On the climbers left side of bumble bee wall you will be able to see a pedestal. To get on top of the pedestal either climb fowl play and rap down to the pedestal with a 60 m rope or walk around the west side and hike up some loose rock. This route is on climbers far right of the pedestal and follows an obvious crack system with a roof followed by more crack climbing.

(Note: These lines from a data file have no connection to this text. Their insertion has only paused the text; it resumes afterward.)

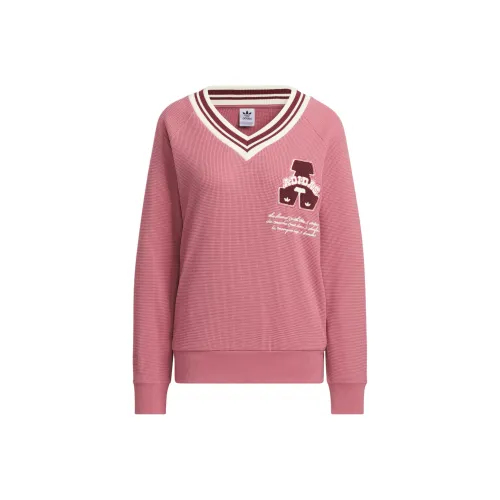 Adidas Originals FW24 V Neck Свитшот Женский Темно-Розовый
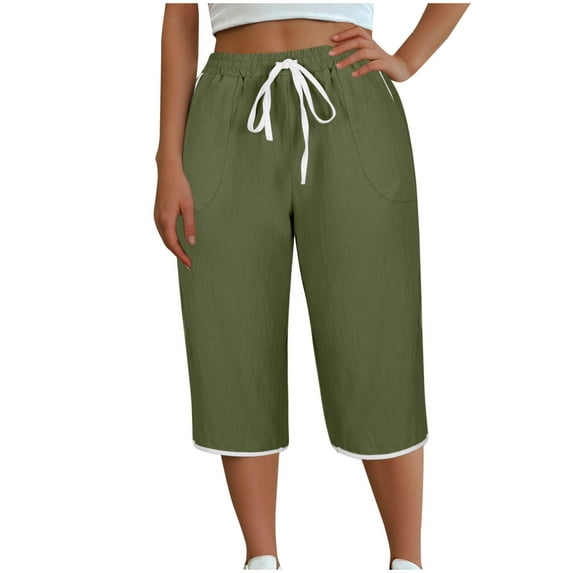 yillto Plus Size Capri Pants for Women Casual Straight Leg Pants Summer Loose Shorts with Pockets L-4XL
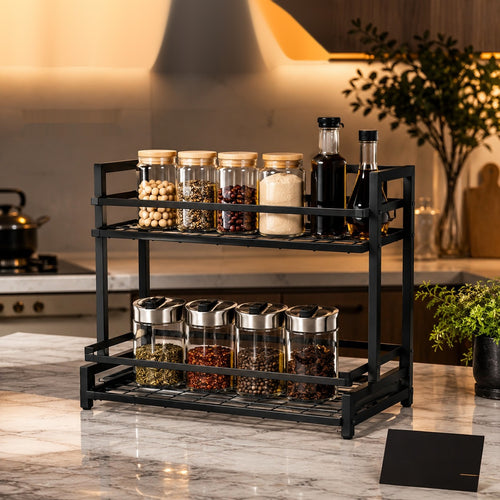 Premium 2-Tier Kitchen Counter Organizer Rack for Spices, Sauces & Pantry Storage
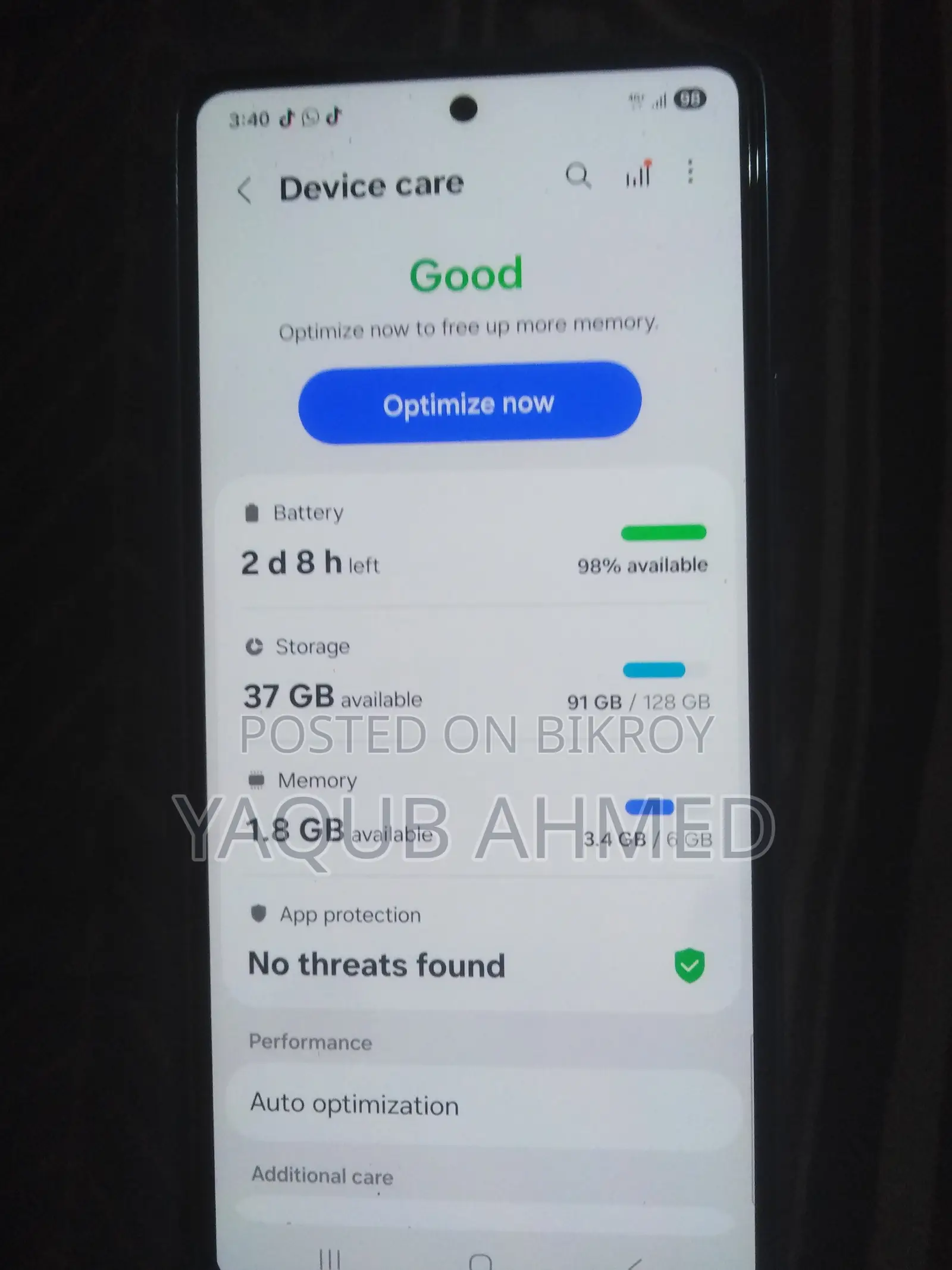 Samsung Galaxy A53 Android 15 (Used)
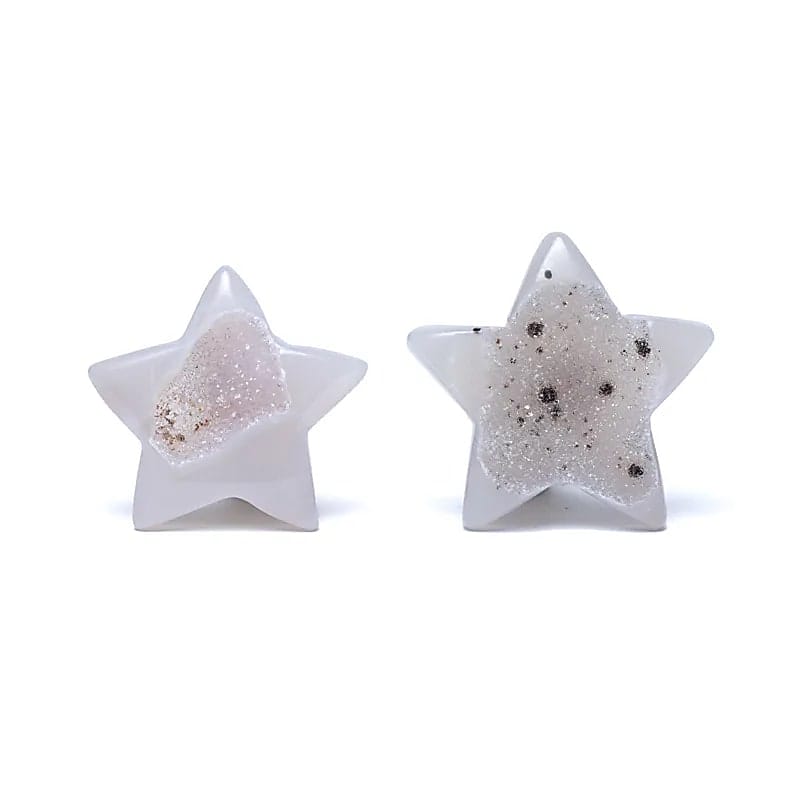 12637 Stervormige edelsteen agaat met kristallisatie - ±4-6 cm - Afbeelding 1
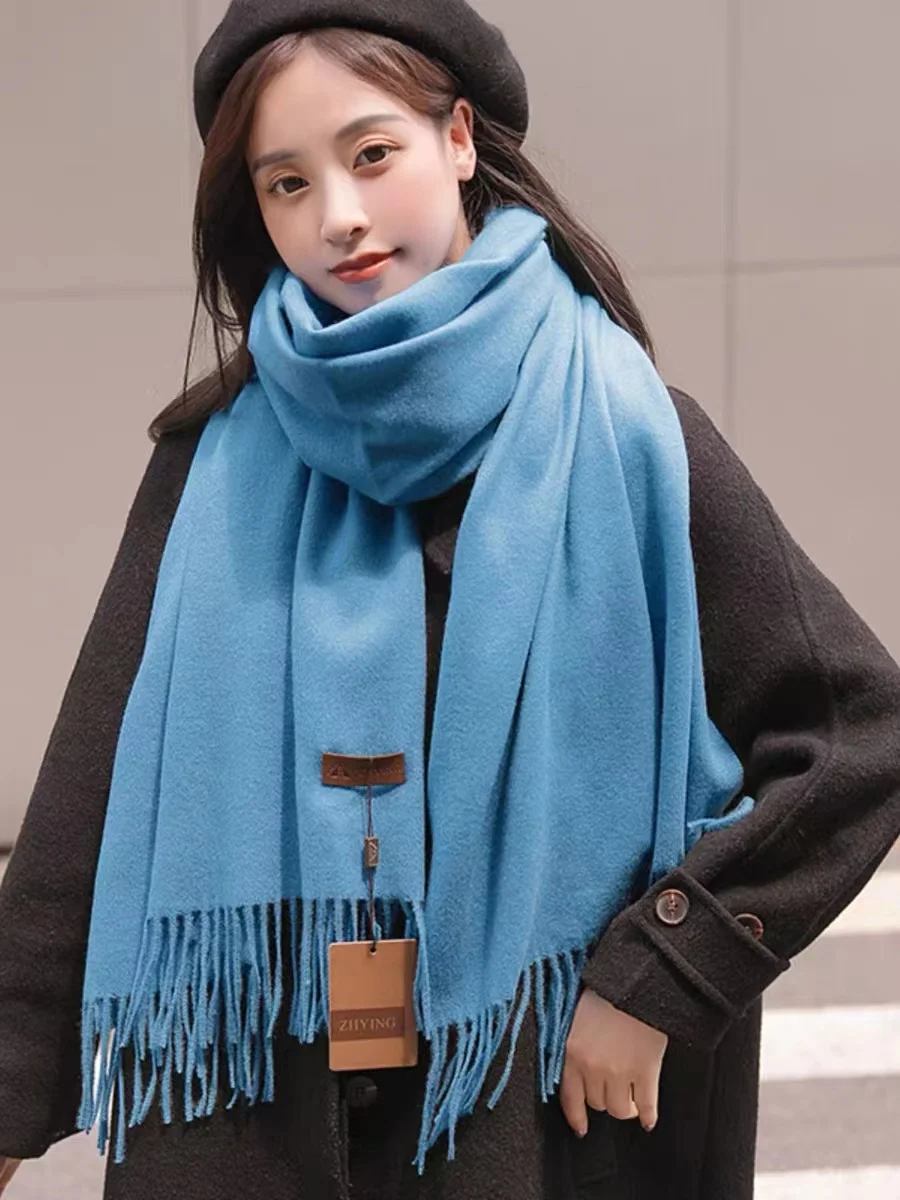 Women's Woolen Scarf Long Thick Warm Tassel Shawl Double-Sided Pure Color Versatile Fall Winter Korean Style Fashion Accessory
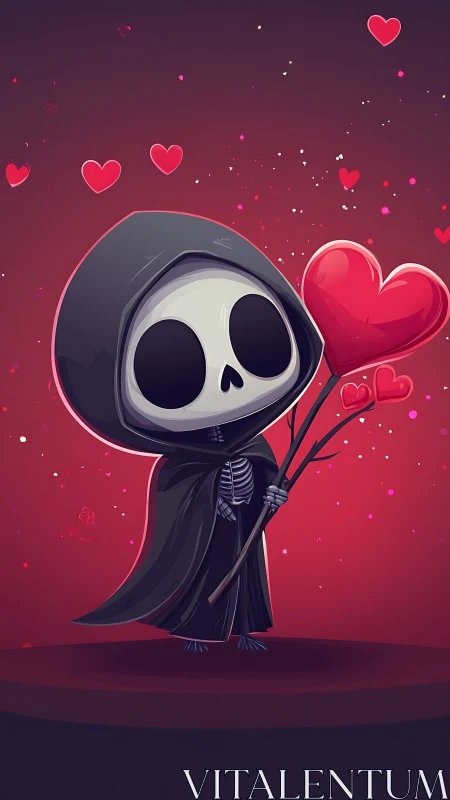Chibi grim reaper holding stylized heart-shaped balloon bouquet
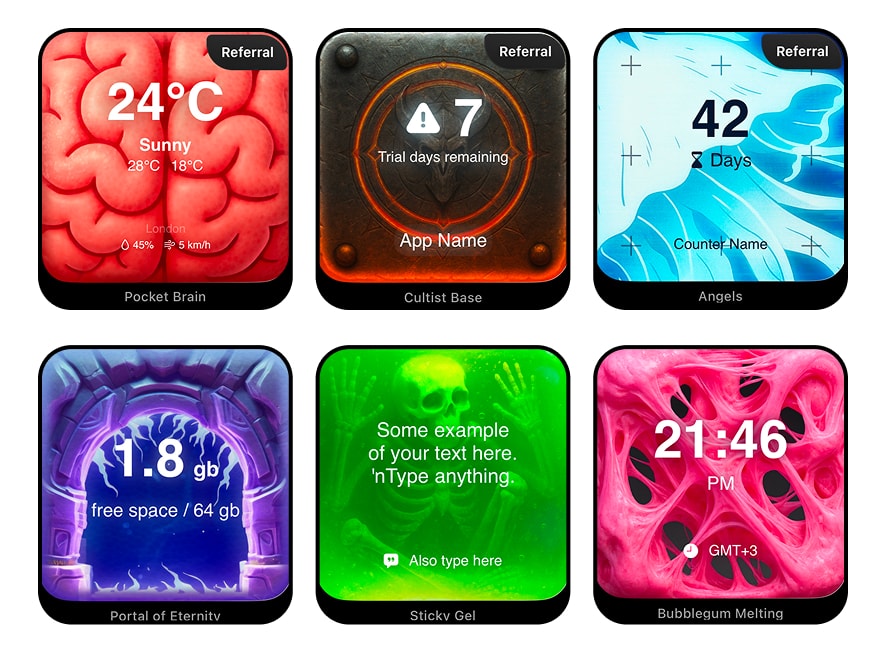 Halloween widget themes in orange, black, and neon green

Standard rack. Takes nuts really well. 2 or 3 camalot for the roof. Runners to reduce drag over the roof and natural gear to build an anchor at the top of the climb.
Upchuck, Nice exposure
BETA PHOTO: Overview of the popular routes
|By Sam Cannon|
From: Holladay, Utah
Mar 21, 2014
rating: 5.10a 6a 18 VI+ E1 5a
The route,from the start up until after the roof, is a strong 2 stars, super fun. The climbing becomes indistinct, chossy, dirty, and (at least the way I went) runout on kitty litter. The roof is super fun, protects really well. The climbing above it stays interesting for another 20 ft or so, but if you continue to the top of the formation, like I did, you're in for some less-than-classic ground.
To get down (assuming you go all the way up - and there isn't a bolted anchor for the route) scramble climber's right down an easy, low angle corner, then turn right (facing Storm Mountain) around a corner and you're at the anchor for The Bee Pitch. One 60m rap gets you down from there.